No se necesita mucho para convertir a un hombre en una bomba, si no tiene nada que perder. «Teníamos armas con las que no contaban los impíos, nuestra carne y nuestra sangre». Los Caballos de Dios no dudan en pagar el peaje al paraíso. La pobreza, como muestra la novela, es un abono inmejorable para el yihadismo. La incultura, el agua que la riega. El fanatismo religioso, el veneno. Los muros que levantan los países ricos, un azote continuo. Sin embargo, no se puede construir un muro capaz de detener este problema. Como muestra la novela, nada puede parar a un hombre sin miedo a morir. Unos meses de entrenamiento son suficientes para azuzar la hoguera de la ira. Unos días para aprender a defenderse, a manejar armas. Visualizan vídeos de matanzas infringidas sobre su pueblo. De ataques inmisericordes de Occidente. Los versos del Corán retumban en sus cabezas.

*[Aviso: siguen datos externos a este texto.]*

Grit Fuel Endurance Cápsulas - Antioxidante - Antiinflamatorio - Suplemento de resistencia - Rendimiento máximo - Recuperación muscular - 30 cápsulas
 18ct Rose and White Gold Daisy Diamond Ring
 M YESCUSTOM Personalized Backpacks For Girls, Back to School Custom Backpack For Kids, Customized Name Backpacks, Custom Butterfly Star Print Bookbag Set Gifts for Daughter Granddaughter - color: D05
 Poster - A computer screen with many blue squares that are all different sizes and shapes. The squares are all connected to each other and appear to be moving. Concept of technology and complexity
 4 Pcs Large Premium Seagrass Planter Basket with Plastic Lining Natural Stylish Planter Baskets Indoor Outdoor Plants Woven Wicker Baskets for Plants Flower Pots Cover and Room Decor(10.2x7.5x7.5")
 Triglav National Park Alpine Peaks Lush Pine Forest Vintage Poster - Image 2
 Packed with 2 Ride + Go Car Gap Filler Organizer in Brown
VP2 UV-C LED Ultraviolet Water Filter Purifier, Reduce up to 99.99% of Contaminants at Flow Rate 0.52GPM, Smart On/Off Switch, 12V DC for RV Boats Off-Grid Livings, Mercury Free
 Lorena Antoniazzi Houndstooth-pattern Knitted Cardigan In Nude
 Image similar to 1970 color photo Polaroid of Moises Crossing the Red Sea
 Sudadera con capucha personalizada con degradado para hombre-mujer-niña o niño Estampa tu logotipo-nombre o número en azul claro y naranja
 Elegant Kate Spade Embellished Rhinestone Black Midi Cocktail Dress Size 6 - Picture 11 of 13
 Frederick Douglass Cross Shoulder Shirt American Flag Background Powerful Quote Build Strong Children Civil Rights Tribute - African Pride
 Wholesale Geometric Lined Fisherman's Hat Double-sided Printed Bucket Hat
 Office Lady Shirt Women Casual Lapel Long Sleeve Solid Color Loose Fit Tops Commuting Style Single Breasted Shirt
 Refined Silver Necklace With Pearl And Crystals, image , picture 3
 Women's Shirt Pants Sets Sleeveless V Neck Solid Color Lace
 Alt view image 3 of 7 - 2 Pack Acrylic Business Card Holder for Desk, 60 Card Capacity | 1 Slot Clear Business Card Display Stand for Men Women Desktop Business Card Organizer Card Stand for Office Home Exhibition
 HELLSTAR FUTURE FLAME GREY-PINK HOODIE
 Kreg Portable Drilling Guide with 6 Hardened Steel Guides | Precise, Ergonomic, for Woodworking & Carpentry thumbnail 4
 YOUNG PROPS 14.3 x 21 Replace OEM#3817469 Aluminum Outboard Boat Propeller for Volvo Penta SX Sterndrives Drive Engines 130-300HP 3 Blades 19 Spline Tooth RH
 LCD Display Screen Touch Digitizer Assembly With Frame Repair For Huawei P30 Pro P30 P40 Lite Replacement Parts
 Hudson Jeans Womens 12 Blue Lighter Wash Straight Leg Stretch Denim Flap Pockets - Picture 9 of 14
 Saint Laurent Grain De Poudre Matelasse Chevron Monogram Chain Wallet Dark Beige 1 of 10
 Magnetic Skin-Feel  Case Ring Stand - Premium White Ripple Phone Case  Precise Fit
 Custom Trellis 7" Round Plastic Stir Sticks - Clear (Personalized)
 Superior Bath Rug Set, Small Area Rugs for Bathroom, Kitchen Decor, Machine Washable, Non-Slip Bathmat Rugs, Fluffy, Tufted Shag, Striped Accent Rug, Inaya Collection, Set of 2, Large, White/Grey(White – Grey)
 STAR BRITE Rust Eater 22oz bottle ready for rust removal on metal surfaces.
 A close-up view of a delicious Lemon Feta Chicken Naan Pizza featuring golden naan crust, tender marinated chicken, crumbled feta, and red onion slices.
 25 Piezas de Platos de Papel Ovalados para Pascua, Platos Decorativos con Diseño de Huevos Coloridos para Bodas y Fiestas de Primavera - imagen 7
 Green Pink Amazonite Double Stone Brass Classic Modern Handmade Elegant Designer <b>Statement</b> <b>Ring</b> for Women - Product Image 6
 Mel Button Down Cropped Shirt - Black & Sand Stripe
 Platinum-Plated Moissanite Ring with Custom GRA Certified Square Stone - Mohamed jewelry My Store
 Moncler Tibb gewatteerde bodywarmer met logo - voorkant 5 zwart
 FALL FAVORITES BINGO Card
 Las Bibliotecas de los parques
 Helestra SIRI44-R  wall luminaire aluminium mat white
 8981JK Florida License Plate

La semilla de la venganza ha germinado. La ira les guía. La promesa de la luz les ciega. «No había más salvación que la yihad. Dios nos la pedía. Estaba escrito, y muy claro, en el libro de los libros». Las Estrellas de Sidi Moumen están listas. Les espera el paraíso, con solo tirar de un cordel del cinturón. «La hora del yihad había sonado». Ya no queda rastro de aquel balón que botaba en su infancia. Ni tampoco de los niños que corrían tras él entre la basura.